_DATA_
....

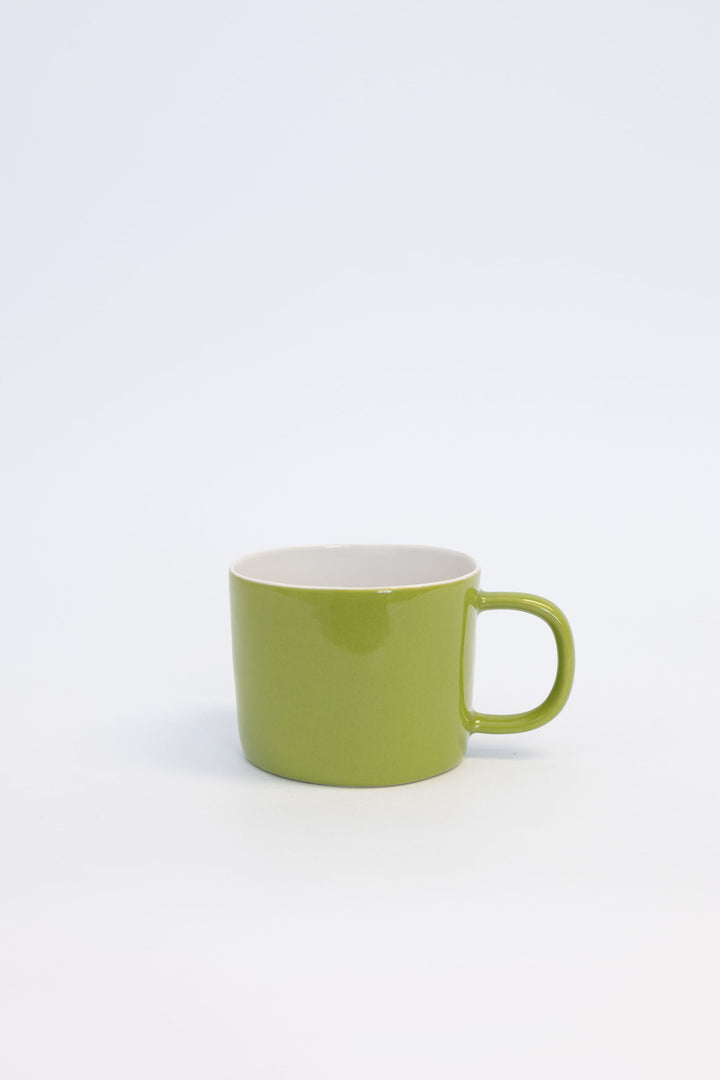 Quail's Egg Ceramics Colourful Mug - Domestic Science Home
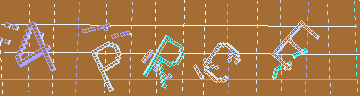確認代碼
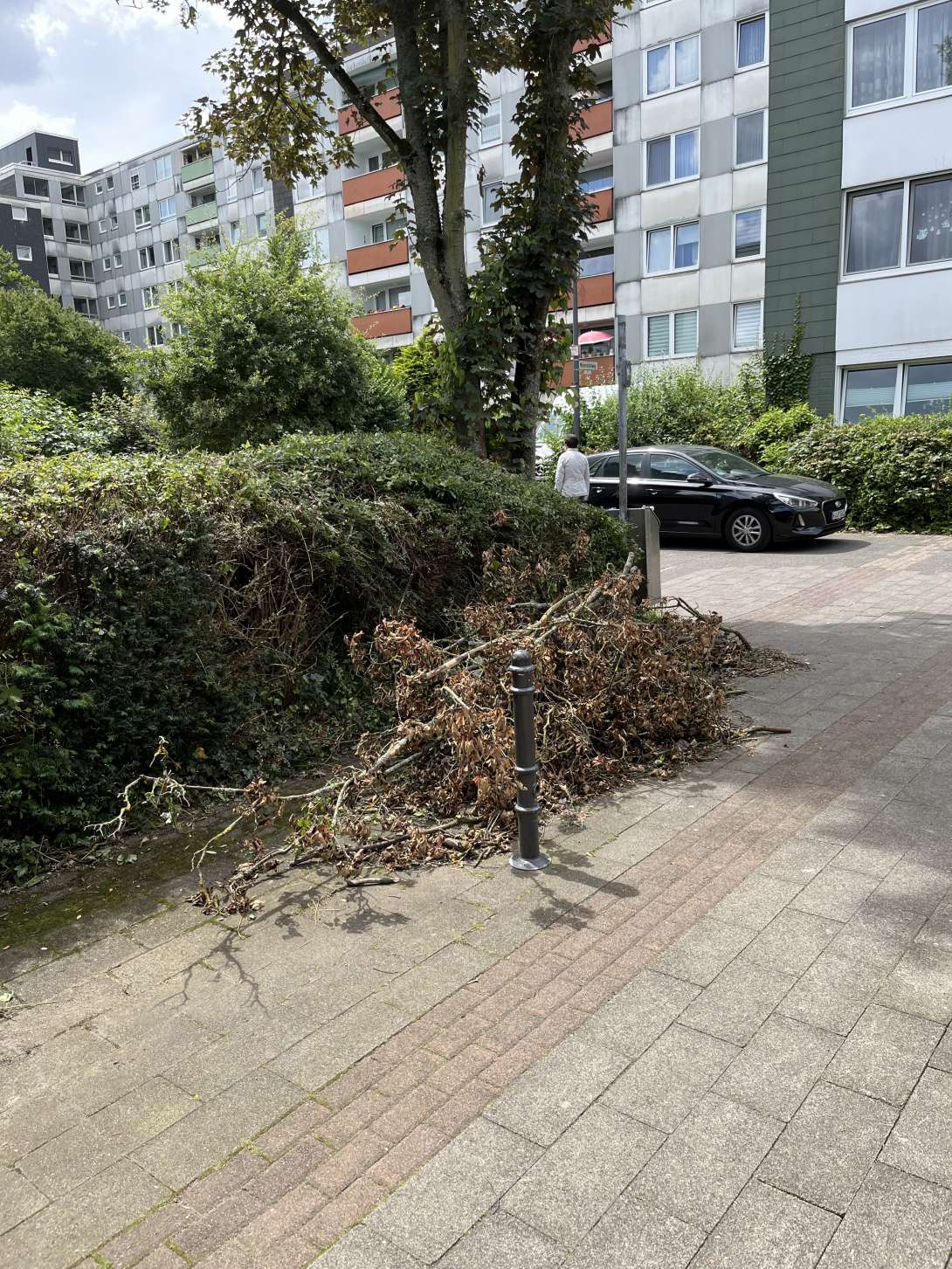 Bild zu gemeldetem Anliegen vom *2024-07-07 14:38:21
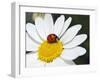 Chamomile Flower And Ladybird-Adrian Bicker-Framed Photographic Print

....

_TRY IT_
From the first line to the last, set down the data exactly, without the pictures.

_RESULT BELOW_
 Quail's Egg Ceramics Colourful Mug - Domestic Science Home
確認代碼
 Bild zu gemeldetem Anliegen vom *2024-07-07 14:38:21
 Chamomile Flower And Ladybird-Adrian Bicker-Framed Photographic Print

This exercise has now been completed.